* [Data section]:
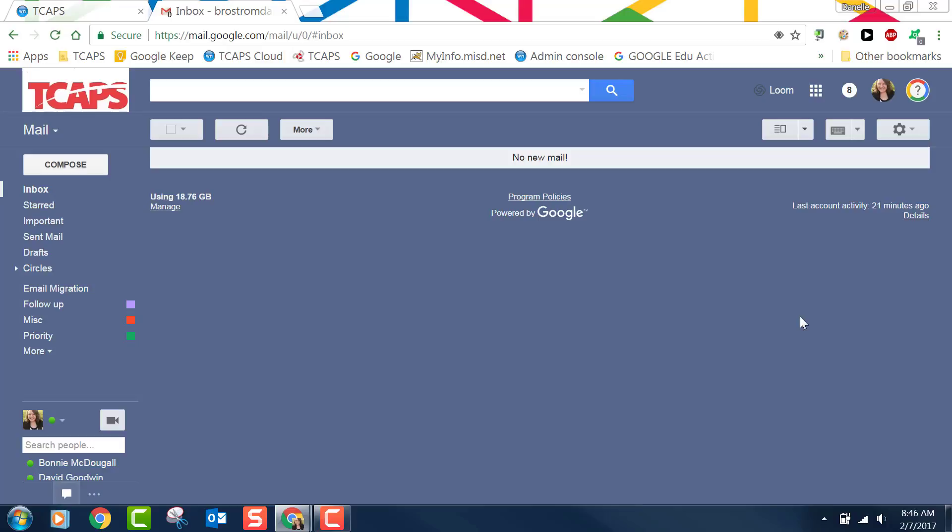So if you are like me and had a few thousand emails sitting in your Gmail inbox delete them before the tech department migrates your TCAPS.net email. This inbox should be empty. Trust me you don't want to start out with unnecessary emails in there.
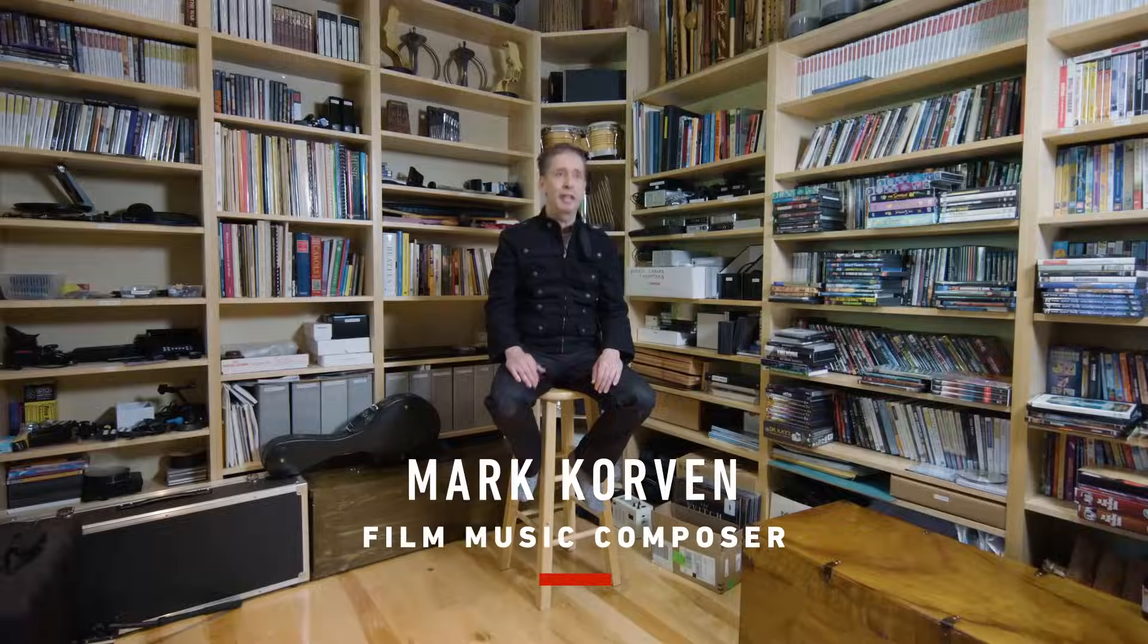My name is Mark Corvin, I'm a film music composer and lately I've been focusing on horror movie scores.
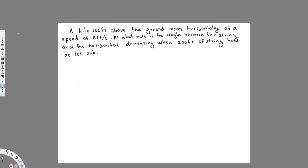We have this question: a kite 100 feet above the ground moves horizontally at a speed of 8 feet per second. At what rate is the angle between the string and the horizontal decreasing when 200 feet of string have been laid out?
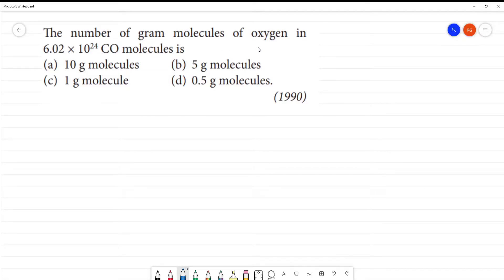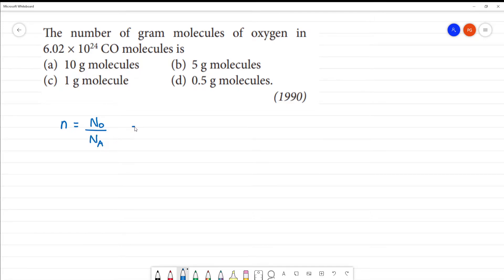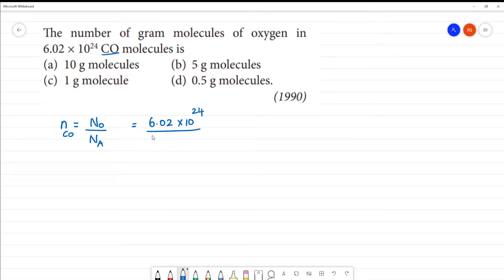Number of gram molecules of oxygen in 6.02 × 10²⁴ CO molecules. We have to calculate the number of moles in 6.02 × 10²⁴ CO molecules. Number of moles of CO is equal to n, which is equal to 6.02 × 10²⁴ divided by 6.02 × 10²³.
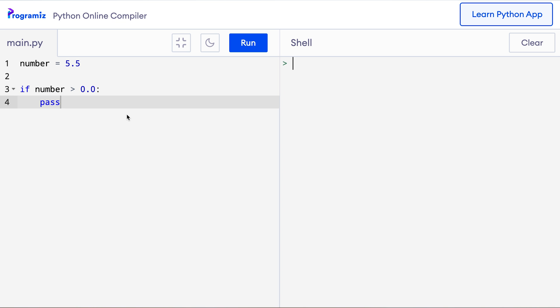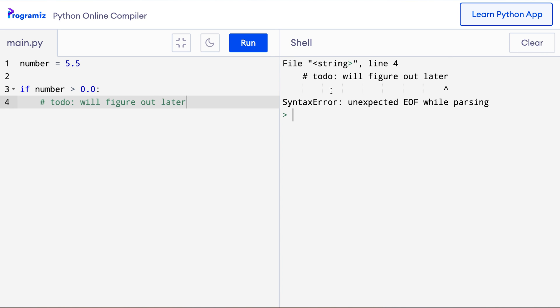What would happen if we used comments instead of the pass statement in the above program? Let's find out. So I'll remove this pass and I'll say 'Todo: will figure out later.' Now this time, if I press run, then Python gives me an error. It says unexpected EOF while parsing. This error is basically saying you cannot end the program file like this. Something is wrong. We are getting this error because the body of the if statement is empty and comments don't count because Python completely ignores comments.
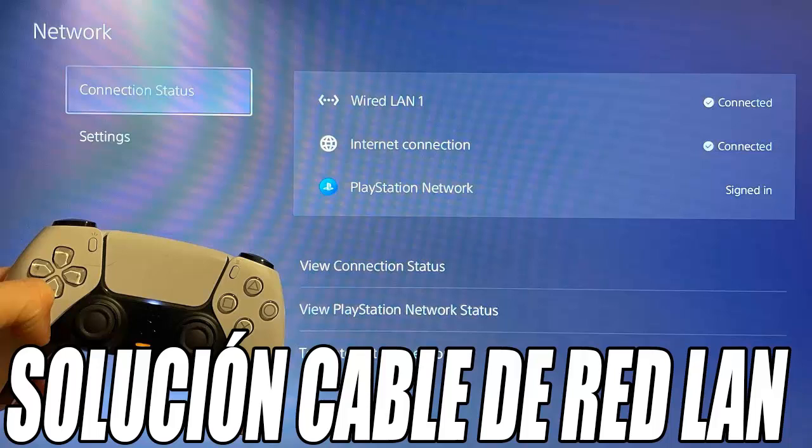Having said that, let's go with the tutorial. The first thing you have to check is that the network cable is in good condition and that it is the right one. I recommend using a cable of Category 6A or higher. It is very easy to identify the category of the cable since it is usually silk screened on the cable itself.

--

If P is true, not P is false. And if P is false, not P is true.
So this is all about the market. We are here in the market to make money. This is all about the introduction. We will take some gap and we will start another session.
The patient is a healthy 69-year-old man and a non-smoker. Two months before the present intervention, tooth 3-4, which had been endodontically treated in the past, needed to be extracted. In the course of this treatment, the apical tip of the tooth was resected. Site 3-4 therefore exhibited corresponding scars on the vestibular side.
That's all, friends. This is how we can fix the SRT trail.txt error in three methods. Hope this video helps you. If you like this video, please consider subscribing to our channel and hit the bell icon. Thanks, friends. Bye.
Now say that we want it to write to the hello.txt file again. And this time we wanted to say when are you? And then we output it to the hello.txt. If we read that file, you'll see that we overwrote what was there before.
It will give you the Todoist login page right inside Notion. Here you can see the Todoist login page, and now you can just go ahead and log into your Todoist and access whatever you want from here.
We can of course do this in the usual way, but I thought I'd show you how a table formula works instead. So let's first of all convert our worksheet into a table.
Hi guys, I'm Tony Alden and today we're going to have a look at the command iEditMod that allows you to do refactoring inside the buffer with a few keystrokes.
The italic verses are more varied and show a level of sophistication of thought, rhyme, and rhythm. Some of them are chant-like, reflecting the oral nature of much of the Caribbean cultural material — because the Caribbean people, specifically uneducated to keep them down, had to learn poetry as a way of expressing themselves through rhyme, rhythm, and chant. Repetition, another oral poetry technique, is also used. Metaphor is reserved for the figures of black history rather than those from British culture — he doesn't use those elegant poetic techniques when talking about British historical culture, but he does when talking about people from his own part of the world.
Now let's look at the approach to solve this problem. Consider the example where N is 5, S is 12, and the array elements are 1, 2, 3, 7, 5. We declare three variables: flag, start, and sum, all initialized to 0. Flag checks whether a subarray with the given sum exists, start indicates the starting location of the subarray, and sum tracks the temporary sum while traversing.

* [What is being asked]:
In the listing above, find the line containing "So if you are" and the line containing "What would happen", then print exactly those two lines and every line between them, minus the pictures.

* [Finished exercise]:
So if you are like me and had a few thousand emails sitting in your Gmail inbox delete them before the tech department migrates your TCAPS.net email. This inbox should be empty. Trust me you don't want to start out with unnecessary emails in there.
My name is Mark Corvin, I'm a film music composer and lately I've been focusing on horror movie scores.
We have this question: a kite 100 feet above the ground moves horizontally at a speed of 8 feet per second. At what rate is the angle between the string and the horizontal decreasing when 200 feet of string have been laid out?
Number of gram molecules of oxygen in 6.02 × 10²⁴ CO molecules. We have to calculate the number of moles in 6.02 × 10²⁴ CO molecules. Number of moles of CO is equal to n, which is equal to 6.02 × 10²⁴ divided by 6.02 × 10²³.
What would happen if we used comments instead of the pass statement in the above program? Let's find out. So I'll remove this pass and I'll say 'Todo: will figure out later.' Now this time, if I press run, then Python gives me an error. It says unexpected EOF while parsing. This error is basically saying you cannot end the program file like this. Something is wrong. We are getting this error because the body of the if statement is empty and comments don't count because Python completely ignores comments.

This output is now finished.